Two weeks ago I wrote about the growing disparity between transnational prosecutions for paying bribes and those for receiving bribes. The number of cases where OECD countries have prosecuted their nationals or firms subject to their jurisdiction for bribing developing country officials has been growing steadily, but there are disappointingly few cases where a developing state has gone after its nationals for accepting bribes. Last week I suggested one way to increase the number of cases against bribe-taking officials is to publicize whenever a firm or individual has been convicted of paying a bribe in a developing state. For every payer, there is a taker, and if the details of the case are widely publicized, my contention was that civil society, the media, and the political opposition would then press the authorities to prosecute the taker.

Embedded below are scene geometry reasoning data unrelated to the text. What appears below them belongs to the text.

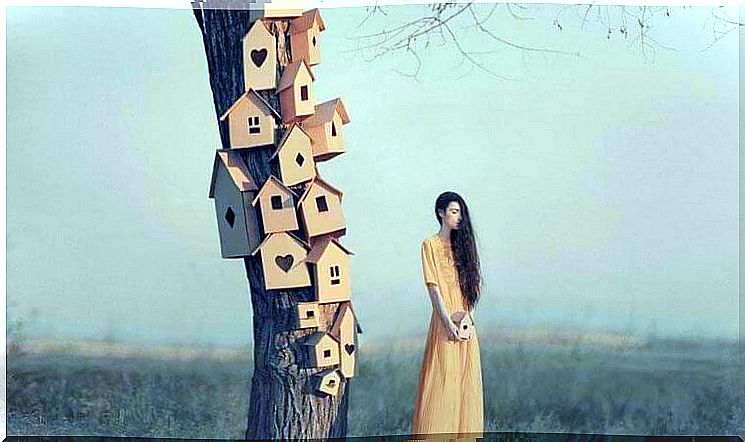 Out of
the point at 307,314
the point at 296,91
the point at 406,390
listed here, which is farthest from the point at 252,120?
the point at 406,390

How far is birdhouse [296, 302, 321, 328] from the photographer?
546cm

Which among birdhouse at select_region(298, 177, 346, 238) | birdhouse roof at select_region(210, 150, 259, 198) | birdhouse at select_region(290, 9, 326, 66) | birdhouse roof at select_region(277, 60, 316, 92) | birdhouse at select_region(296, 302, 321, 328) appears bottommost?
birdhouse at select_region(296, 302, 321, 328)

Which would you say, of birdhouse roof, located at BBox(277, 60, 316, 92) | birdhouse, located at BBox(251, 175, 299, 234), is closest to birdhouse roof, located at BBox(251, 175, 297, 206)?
birdhouse, located at BBox(251, 175, 299, 234)

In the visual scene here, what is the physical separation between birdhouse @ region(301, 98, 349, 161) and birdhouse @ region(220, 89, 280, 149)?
0.17 meters

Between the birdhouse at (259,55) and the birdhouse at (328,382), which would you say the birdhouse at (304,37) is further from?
the birdhouse at (328,382)

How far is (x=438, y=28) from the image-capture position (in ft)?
19.0

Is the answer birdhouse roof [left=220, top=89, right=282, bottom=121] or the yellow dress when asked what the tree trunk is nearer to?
birdhouse roof [left=220, top=89, right=282, bottom=121]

The World Bank has tried something similar when an investigation reveals corruption in one of its projects, and the experience suggests that, though not a silver bullet, the effort is worthwhile.

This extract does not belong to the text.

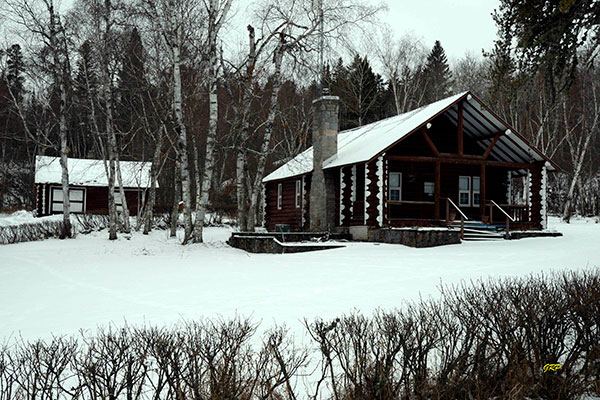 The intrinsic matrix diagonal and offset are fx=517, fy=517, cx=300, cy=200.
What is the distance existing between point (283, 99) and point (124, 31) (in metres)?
16.6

The Bank makes loans to developing states to finance projects, and if the Bank finds fraud or corruption has tainted one of these projects, it can sanction the staff members involved and bar any contractor implicated from bidding on future Bank contracts. But this is all it can do. As an international organization it has no power to bring criminal charges, nor does it have any authority to penalize the borrowing country officials who took bribes or otherwise participated in the wrongdoing.
To bolster its limited sanctioning power, the Bank has since the early 2000s referred its investigative findings to those countries with jurisdiction over the wrongdoers — nations where the contractors were located or where bribe takers resided. At first these referrals were confidential. Reading between the lines of the early reports of the Integrity Vice Presidency (the unit in the World Bank responsible for the investigations and referrals), one gets the distinct impression that the referrals went into a black hole.

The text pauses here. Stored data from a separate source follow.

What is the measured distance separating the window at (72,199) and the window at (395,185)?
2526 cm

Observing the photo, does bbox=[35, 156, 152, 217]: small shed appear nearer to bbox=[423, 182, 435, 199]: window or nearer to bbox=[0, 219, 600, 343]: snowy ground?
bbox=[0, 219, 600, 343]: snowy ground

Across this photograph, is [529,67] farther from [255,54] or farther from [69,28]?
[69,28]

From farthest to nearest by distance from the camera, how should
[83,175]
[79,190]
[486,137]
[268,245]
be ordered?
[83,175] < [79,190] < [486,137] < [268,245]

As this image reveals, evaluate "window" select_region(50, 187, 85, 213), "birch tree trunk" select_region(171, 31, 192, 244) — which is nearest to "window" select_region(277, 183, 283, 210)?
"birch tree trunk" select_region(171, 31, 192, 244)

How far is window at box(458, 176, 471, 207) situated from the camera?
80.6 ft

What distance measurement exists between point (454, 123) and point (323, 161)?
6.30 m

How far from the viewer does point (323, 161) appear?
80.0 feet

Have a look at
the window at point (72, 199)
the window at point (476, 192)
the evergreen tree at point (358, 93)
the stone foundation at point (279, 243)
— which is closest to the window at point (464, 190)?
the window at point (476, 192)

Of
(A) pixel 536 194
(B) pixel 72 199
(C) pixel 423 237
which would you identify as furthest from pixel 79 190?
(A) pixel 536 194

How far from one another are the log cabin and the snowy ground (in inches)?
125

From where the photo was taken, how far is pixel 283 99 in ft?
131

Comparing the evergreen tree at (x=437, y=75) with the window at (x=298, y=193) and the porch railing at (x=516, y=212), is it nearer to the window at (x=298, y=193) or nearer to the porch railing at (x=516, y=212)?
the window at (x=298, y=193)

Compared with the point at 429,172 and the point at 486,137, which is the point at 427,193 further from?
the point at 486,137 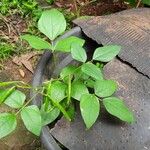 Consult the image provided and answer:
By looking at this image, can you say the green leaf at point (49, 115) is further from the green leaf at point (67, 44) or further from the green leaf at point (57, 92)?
the green leaf at point (67, 44)

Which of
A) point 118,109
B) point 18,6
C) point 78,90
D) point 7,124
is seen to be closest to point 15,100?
point 7,124

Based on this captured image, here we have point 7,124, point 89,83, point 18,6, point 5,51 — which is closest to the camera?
point 7,124

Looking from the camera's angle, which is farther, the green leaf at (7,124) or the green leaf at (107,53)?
the green leaf at (107,53)

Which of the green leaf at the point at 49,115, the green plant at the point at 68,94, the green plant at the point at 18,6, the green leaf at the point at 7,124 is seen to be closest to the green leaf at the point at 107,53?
the green plant at the point at 68,94

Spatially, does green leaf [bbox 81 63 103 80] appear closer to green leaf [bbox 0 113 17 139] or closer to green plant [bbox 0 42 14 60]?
green leaf [bbox 0 113 17 139]

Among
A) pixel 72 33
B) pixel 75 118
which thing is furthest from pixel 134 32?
pixel 75 118

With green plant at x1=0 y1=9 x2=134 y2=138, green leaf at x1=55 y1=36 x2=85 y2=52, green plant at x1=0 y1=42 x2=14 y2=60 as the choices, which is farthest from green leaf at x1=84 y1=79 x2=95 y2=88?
green plant at x1=0 y1=42 x2=14 y2=60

Things began to change in 2008 when in the annual report for that year the Integrity Vice Presidency publicized the referral program. At first it simply stated how many referrals it had made the previous year and noted when a country had opened investigations. The 2009 report thus states that nine referrals had been made in 2008 and that the Philippines and the Indian state of Orissa were following up on referrals. In its 2011 report the Integrity VP, while noting follow up actions taken by a handful of states, acknowledged that “the hoped-for vigorous, global response [to its referrals] from national authorities has not been consistent.”
To prompt action the unit began publishing a chart showing, for each referral, the country to which it had been made, the date, and its status — investigation opened, entity or individual sanctioned, or more commonly, “no action taken.” The 2012 and 2013 reports continue to publicize what steps, if any, countries are taking in response to a referral, and the publicity seems to have had some salutary effects. The 2013 report states that in the previous year ten referrals had led to investigations by domestic authorities, the most yet.
One should not overstate the positive effects of this program. But one should not understate them either. The simple act of publicizing referrals seems to be having a modest but meaningful effect on developing countries’ investigations of their own officials. This suggests that greater publicity (even without a lot of detail that could be used in an investigation) may help pressure some governments to take action.